Teleoperation Data Collection#

This workflow covers collecting demonstrations for the Unitree G1 static apple-to-plate task using Meta Quest 3 or Pico 4 Ultra supported by Nvidia IsaacTeleop.

No teleoperation hardware?

The static task drops the locomotion / squat / turn channels but still needs bimanual end-effector control, so a keyboard or SpaceMouse is not practical. If you don’t have an XR headset, you can still smoke-test the pipeline with the Immersive Web Emulator Runtime (IWER). Open https://nvidia.github.io/IsaacTeleop/client in desktop Chrome (instead of the Quest browser); the page auto-loads IWER and emulates a Quest 3 with your mouse and keyboard, per the IsaacTeleop Quick Start. Follow Steps 1–4 below unchanged; the only difference is that Step 3 is done from a desktop browser tab. Because the static task is upper-body-only, IWER drives it noticeably better than the loco-manipulation variant — you can plausibly complete a few demos with just mouse + keyboard, though a real Quest 3 still gives much smoother demonstrations.

Step 1: Start the CloudXR Runtime#

  1. On the host machine, configure the firewall to allow CloudXR traffic. The required ports depend on the client type. The example below uses ufw (Ubuntu); on other distributions use the equivalent firewall tooling (e.g. firewalld on Fedora/RHEL, pf on macOS).

    sudo ufw allow 49100/tcp   # Signaling
sudo ufw allow 47998/udp   # Media stream
sudo ufw allow 48322/tcp   # Proxy (HTTPS mode only)
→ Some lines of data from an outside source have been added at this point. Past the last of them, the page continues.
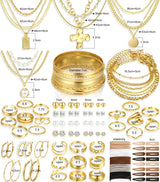 FANDY 137 Pieces Gold Jewelry Set for Women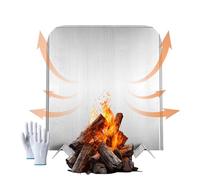 Fenayuu Back wall for the fireplace, metal panel with feet, stainless steel back panel for the fireplace, suitable for dining room, living room, study, cafe, apartment as well as holiday home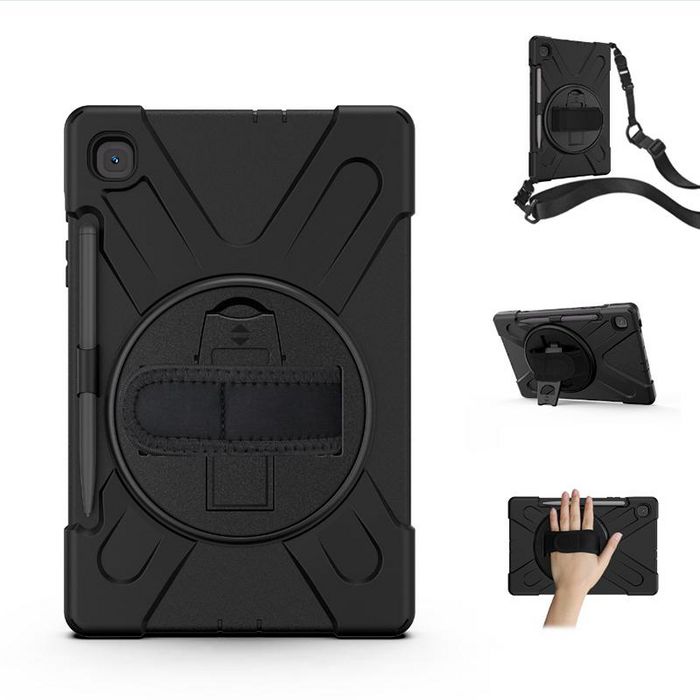eSTUFF Funda AUSTIN Defender para Galaxy Tab S6 Lite 2024/2022/2020, Negra, Antigolpes, con Soporte 360°, Correa de Mano y Hombro, Portalápiz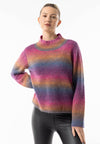 Rainbow Ombre Mock Neck Jumper: Rainbow / M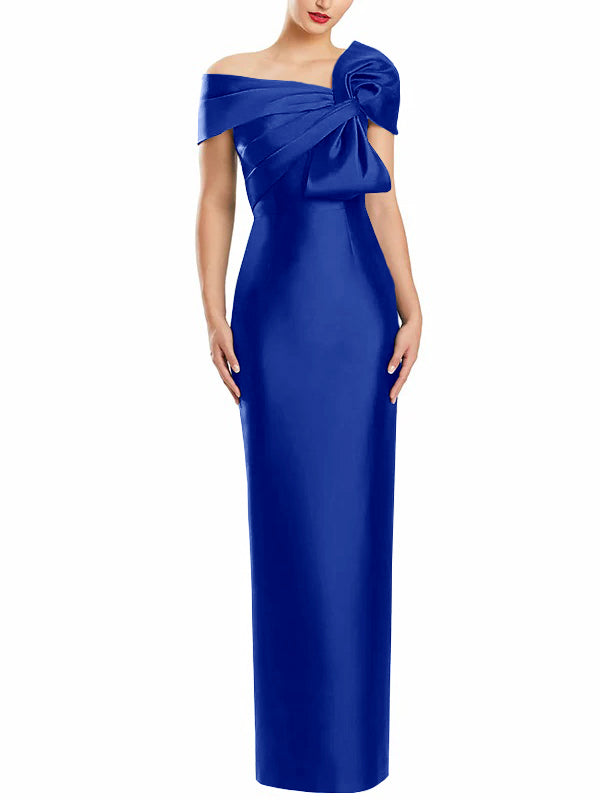 One-Shoulder Floor-Length Mother of the Bride Gown with Bow in Sheath/Column Style-BMbridal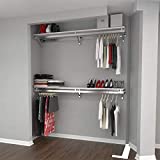 Arrange A Space RCMBX Premium 56" Top and Bottom Shelf/Hang Rod Kits White Closet System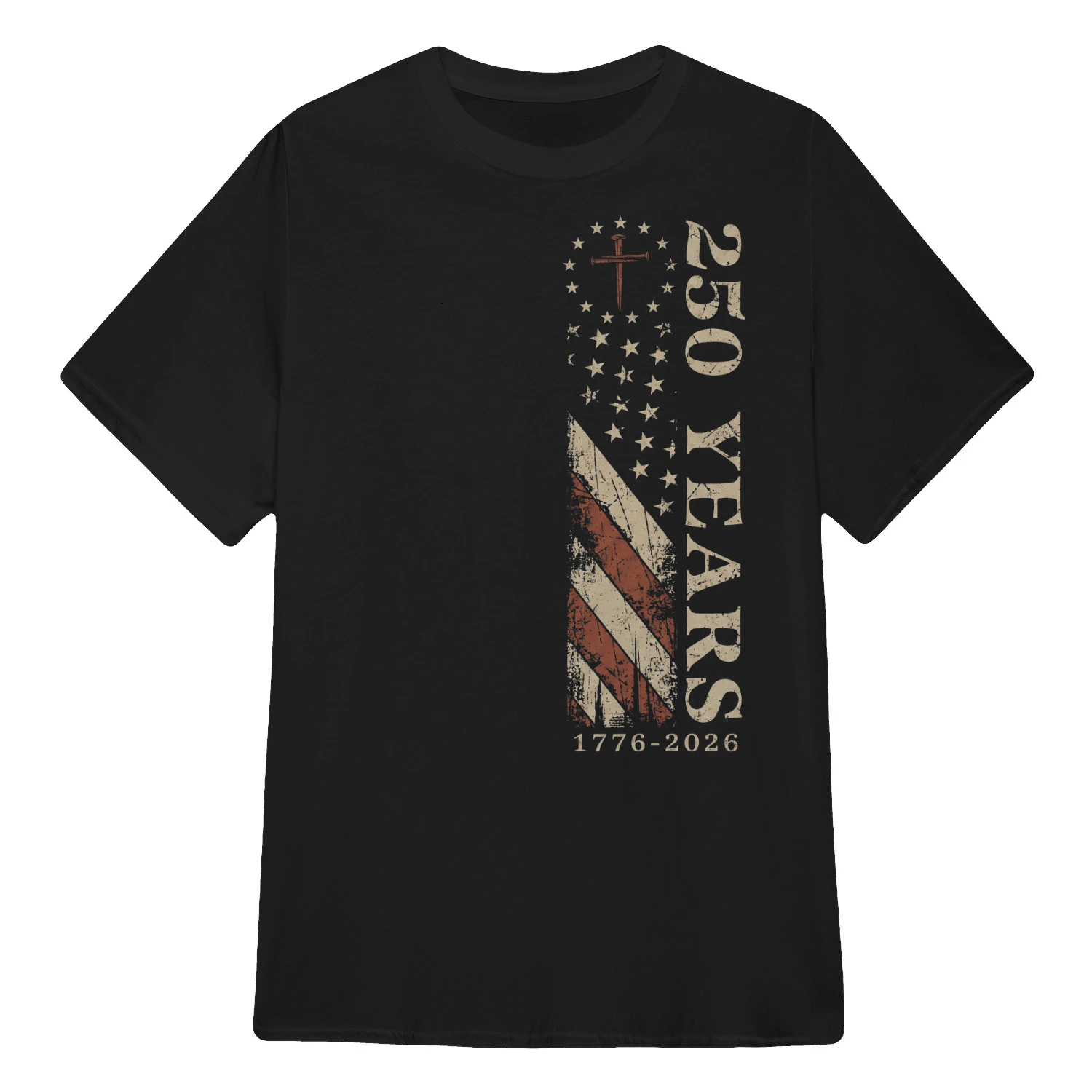 (Front and Back) 250 Years Vintage Eagle Cross American Flag 250th Anniversary 1776-2026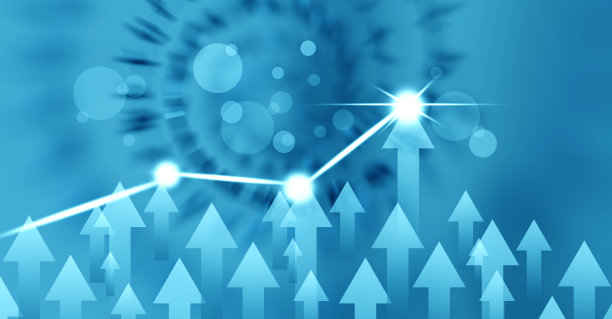 抽象的金融图表，蓝色背景的股票市场的上升趋势线和箭头图片下载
  2. Start the CloudXR runtime from the Arena Docker container:

    ./docker/run_docker.sh

    python -m isaacteleop.cloudxr

Attention

The first run will prompt users to accept the NVIDIA CloudXR License Agreement. To accept the EULA, reply Yes when prompted with the below message:

NVIDIA CloudXR EULA must be accepted to run. View: https://github.com/NVIDIA/IsaacTeleop/blob/main/deps/cloudxr/CLOUDXR_LICENSE

Accept NVIDIA CloudXR EULA? [y/N]: Yes

Step 2: Start Arena Teleop#

  1. In another terminal, start the Arena Docker container and launch the teleop session to verify the pipeline:

    ./docker/run_docker.sh

  2. Run the following command to activate IsaacTeleop CloudXR environment settings:

    source ~/.cloudxr/run/cloudxr.env

    Important

    Order matters. In the terminal where you will run Arena, source ~/.cloudxr/run/cloudxr.env after the CloudXR runtime from Step 1 is already running, and before you start the Arena app. The Arena app must inherit the IsaacTeleop CloudXR environment variables.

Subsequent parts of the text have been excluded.